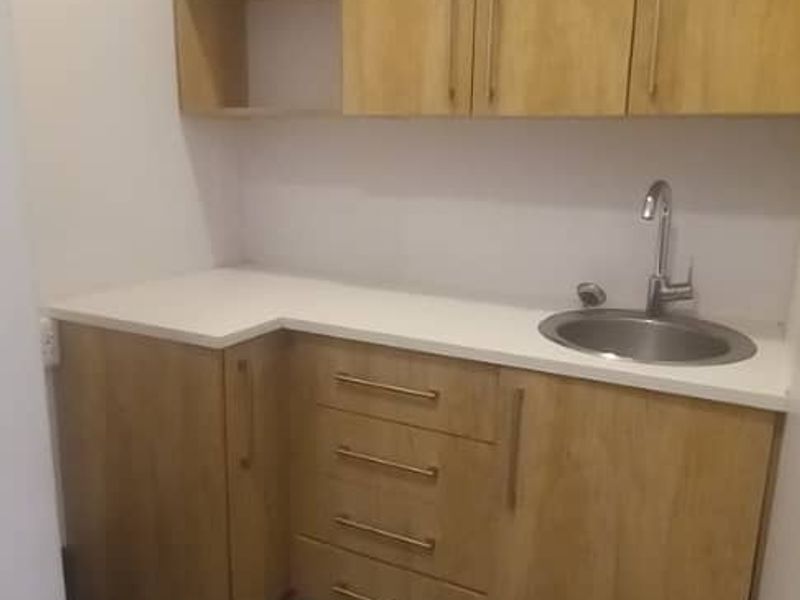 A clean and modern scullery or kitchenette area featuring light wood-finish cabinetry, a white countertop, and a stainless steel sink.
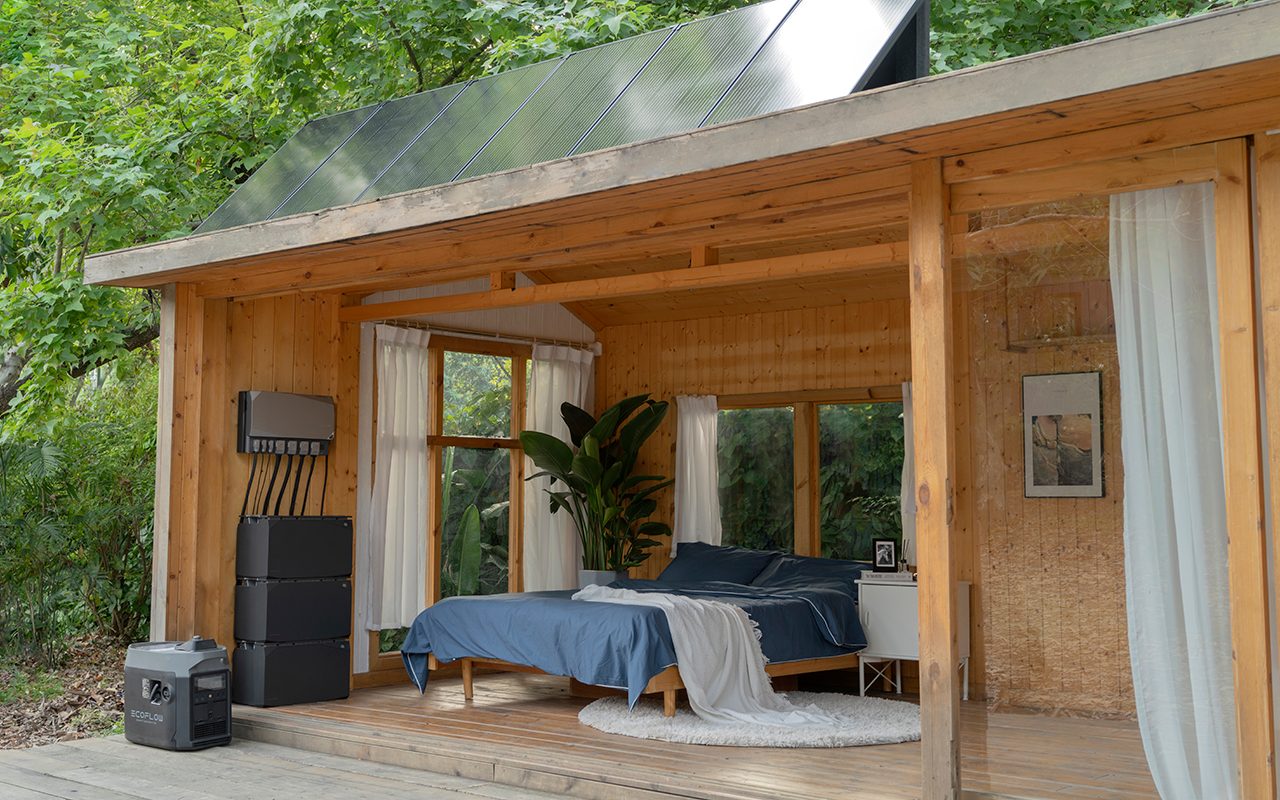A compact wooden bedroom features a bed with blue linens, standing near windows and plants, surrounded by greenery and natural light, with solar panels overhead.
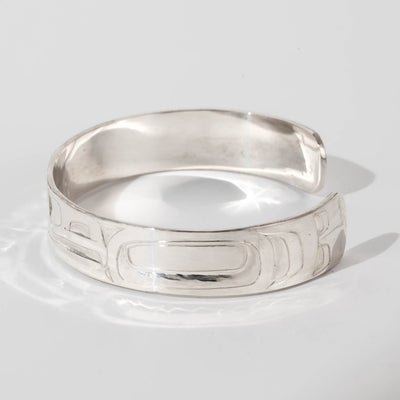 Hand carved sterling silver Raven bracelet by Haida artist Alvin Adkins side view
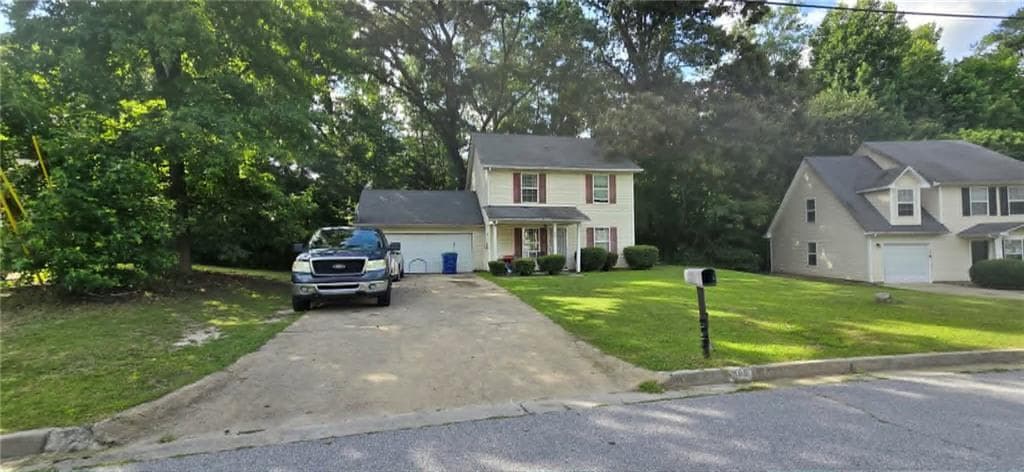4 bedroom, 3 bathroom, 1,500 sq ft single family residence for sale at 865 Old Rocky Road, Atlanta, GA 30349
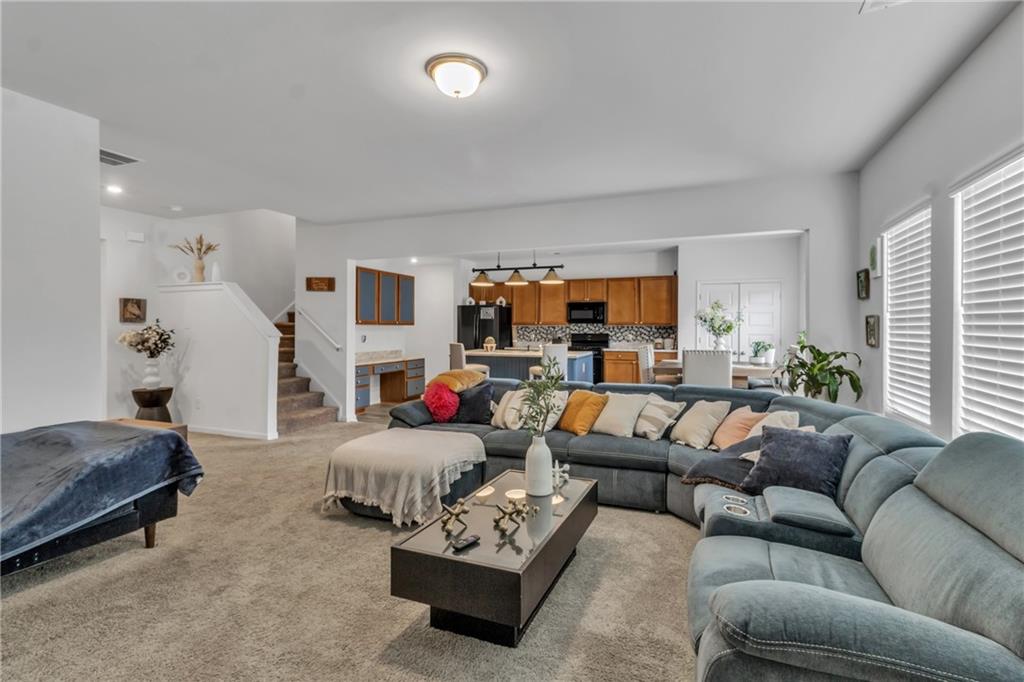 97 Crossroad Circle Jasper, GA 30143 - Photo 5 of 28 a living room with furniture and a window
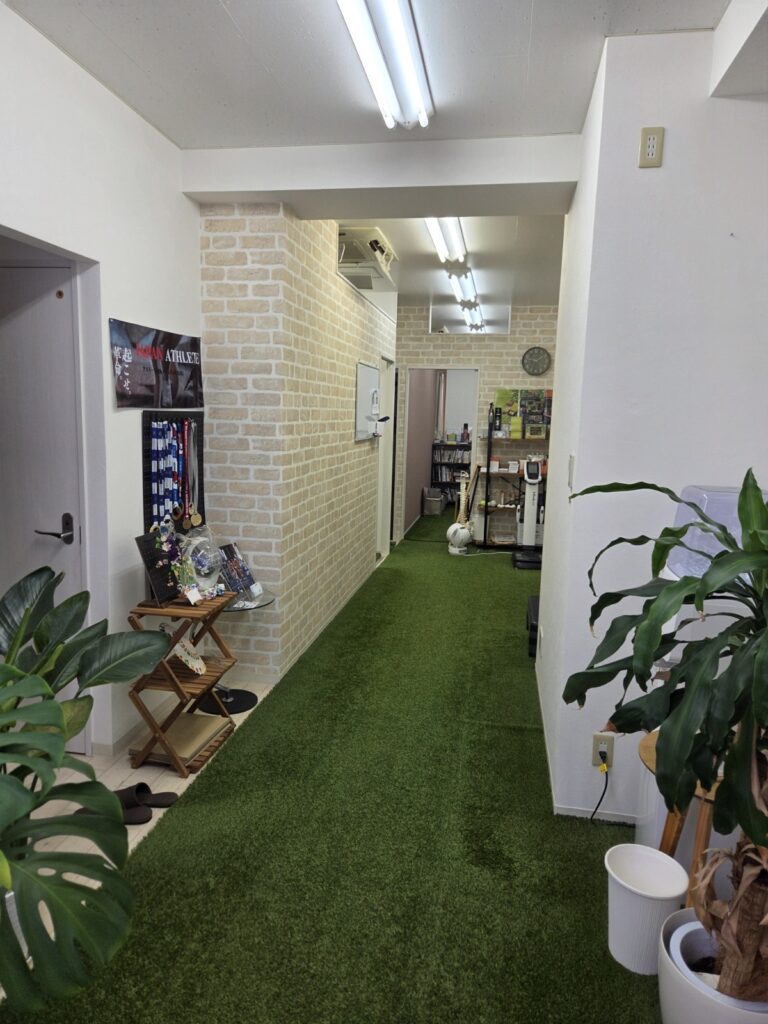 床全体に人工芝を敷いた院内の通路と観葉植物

• • • • •

# Your objective
The copy should hold only the lines from the one with "Hand carved sterling" through the one with "4 bedroom, 3", exactly as they stand above. Leave out the pictures.

# Solution to the exercise
 Hand carved sterling silver Raven bracelet by Haida artist Alvin Adkins side view
4 bedroom, 3 bathroom, 1,500 sq ft single family residence for sale at 865 Old Rocky Road, Atlanta, GA 30349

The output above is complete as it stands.